Woke up sad again. Getting really tired of this. Waking up crying and not knowing why or what to do about it. Then remembering how disappointed I am with my life right now, yea, it's hard not to cry more.
Thankfully a friend stopped by and smoked with me. I defnitely don't like sober Carol. And I'm freaking out, I'm poor, I'm not hungry and I will have to be sober again real soon. Yuck.
But while I'm not. Im going to reflect on my last few blogs. Yea, I chose to spend six months of my life doing something I don't do. I hung out with people I wouldn't normally spend that much time with. I didn't get a real job with one of my many talents. No, I wasted six months of my life trying to show others how to make money so I could get some one's attention. And it worked. But only for a short while. Now I've wasted the last four and a half months crying and trying to figure out how to get my life back. Yea, I really fucked up again. All over a stupid boy.

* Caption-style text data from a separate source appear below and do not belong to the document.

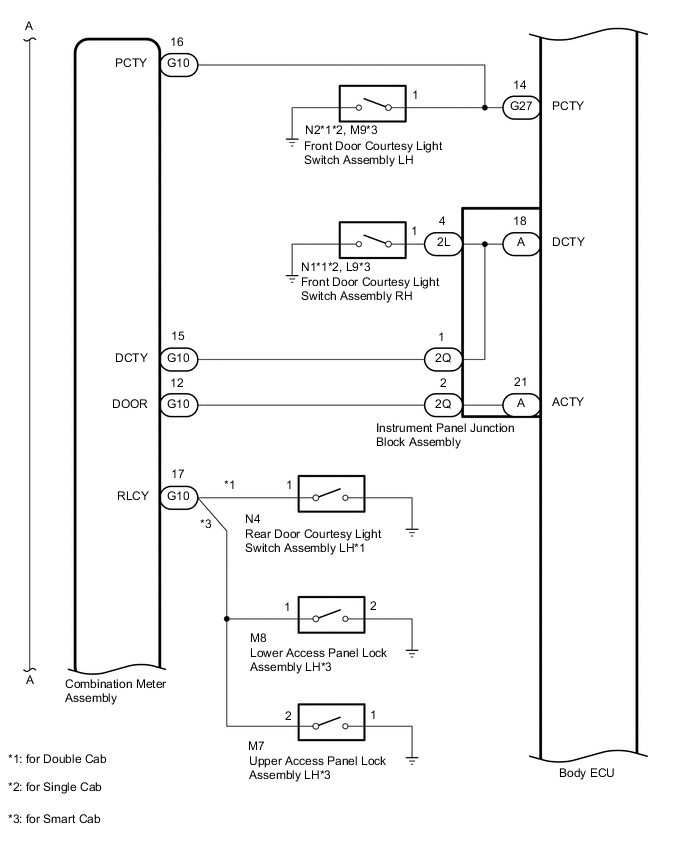 A01SAI7E05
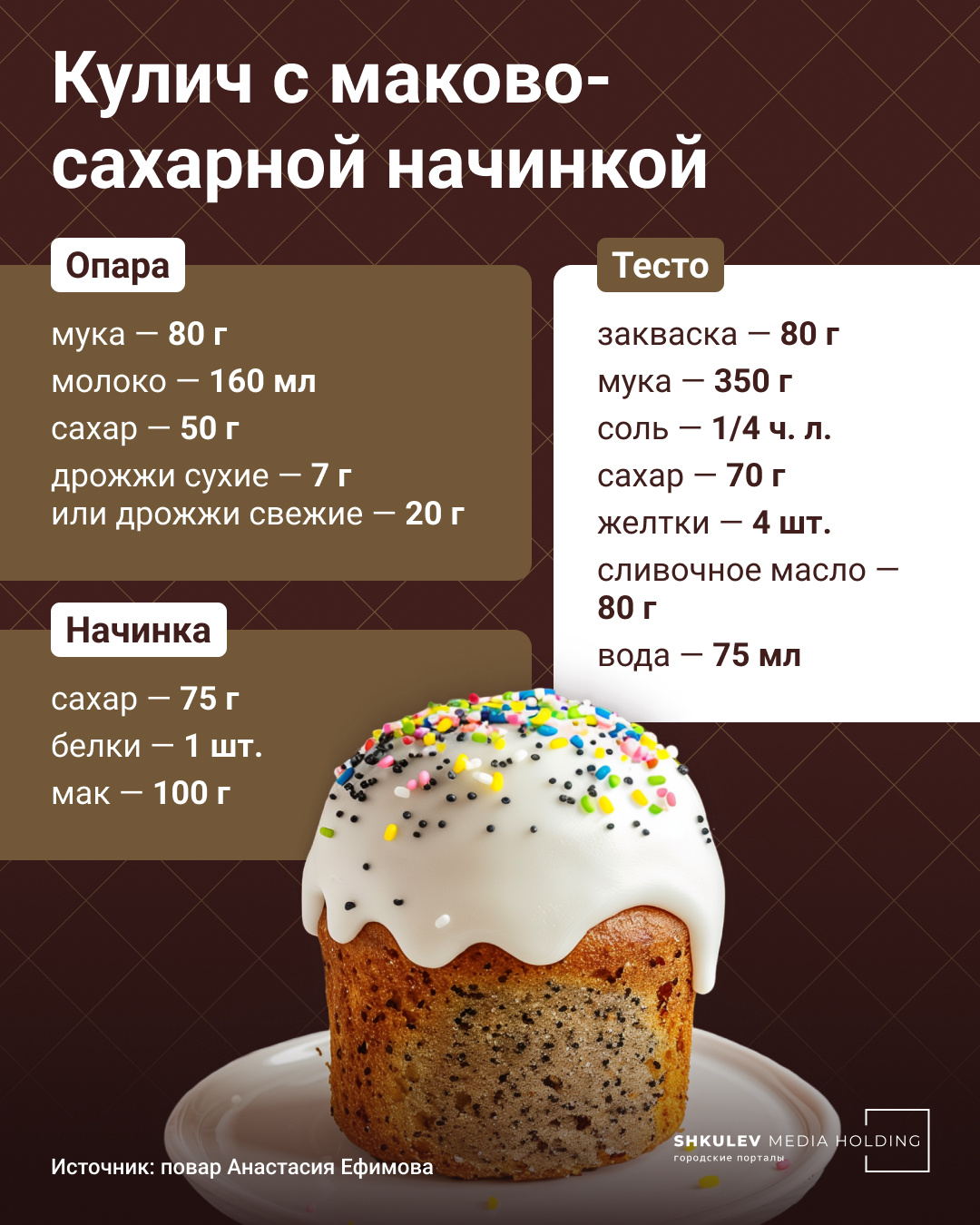 Три самых вкусных рецепта куличей на Пасху: готовим в домашних условиях -  30 апреля 2024 - ФОНТАНКА.ру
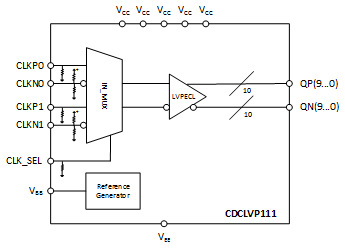 CDCLVP111VF 电路图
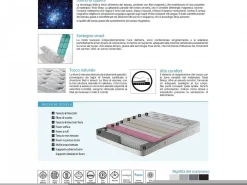 Materasso Tesla Sleep 170x195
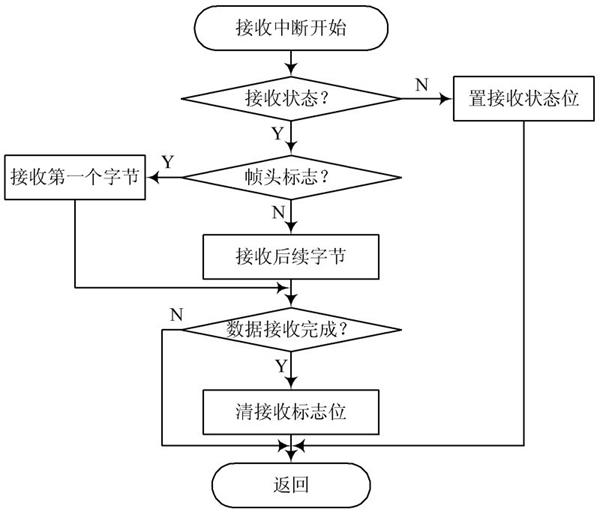 芯片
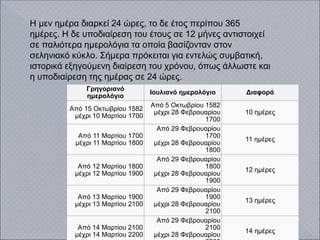 Η μεν ημέρα διαρκεί 24 ώρες, το δε έτος περίπου 365
ημέρες. Η δε υποδιαίρεση του έτους σε 12 μήνες αντιστοιχεί
σε παλιότερα ημερολόγια τα οποία βασίζονταν στον
σεληνιακό κύκλο. Σήμερα πρόκειται για εντελώς συμβατική,
ιστορικά εξηγούμενη διαίρεση του χρόνου, όπως άλλωστε και
η υποδιαίρεση της ημέρας σε 24 ώρες.
Γρηγοριανό
ημερολόγιο
Ιουλιανό ημερολόγιο Διαφορά
Από 15 Οκτωβρίου 1582
μέχρι 10 Μαρτίου 1700
Από 5 Οκτωβρίου 1582
μέχρι 28 Φεβρουαρίου
1700
10 ημέρες
Από 11 Μαρτίου 1700
μέχρι 11 Μαρτίου 1800
Από 29 Φεβρουαρίου
1700
μέχρι 28 Φεβρουαρίου
1800
11 ημέρες
Από 12 Μαρτίου 1800
μέχρι 12 Μαρτίου 1900
Από 29 Φεβρουαρίου
1800
μέχρι 28 Φεβρουαρίου
1900
12 ημέρες
Από 13 Μαρτίου 1900
μέχρι 13 Μαρτίου 2100
Από 29 Φεβρουαρίου
1900
μέχρι 28 Φεβρουαρίου
2100
13 ημέρες
Από 14 Μαρτίου 2100
μέχρι 14 Μαρτίου 2200
Από 29 Φεβρουαρίου
2100
μέχρι 28 Φεβρουαρίου
14 ημέρες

But I did learn a lot. I remembered all the things I want in a man. I remembered me, who I am. And I do know what I want. I'm sick of people trying to tell me they think they know what's best for me. I'm not looking for the impossible. Not at all. What I want is out there and he's rare, just like me. And maybe that Boston boy does have it all but he's a boy, he doesn't know how to respect or appreciate women and he's married. He's old enough to save himself.....so fuck him. Him and W think they live in a mans world. Well someone better wake them up and make them take a good look around. I tried and failed. Women are smarter and we are taking over.
I almost forgot, Boston left his dog behind with someone who already has too many dogs and responsibilities. Didn't care that I wanted the dog, have plenty of time and room and being sick, a dog would be the best companion. Hell, bet I would've stopped crying a long time ago if I had a companion who gave unconditional love and didn't talk. Yea, Boston is an insensitive, unappreciative boy.
I finally looked up Mars in Gemini. I'm definitely right. I am looking for that, it's exactly the kind of man I've been looking for. I have been alone and am the awesome person that I am so that I can get my Mars in Gemini's attention and keep it. I have his Taurus Sun as my Moon, I think the way he acts. I also have a Gemini Moon so I also think with his heart. AND he is definitely going to write about me. I always thought it was my Taurus Moon writing but I was wrong, it's the Gemini and I use it to think way more than write, that's why he will be doing the writing. Now I have to find the strength to make it twelve more days. I'm really hoping and counting on this tumor being removed to make me feel better. I'm done expecting a man to find me and help me, it's too late, I've made it this far, I don't want any help right now. I just want to get better so I can go find my man.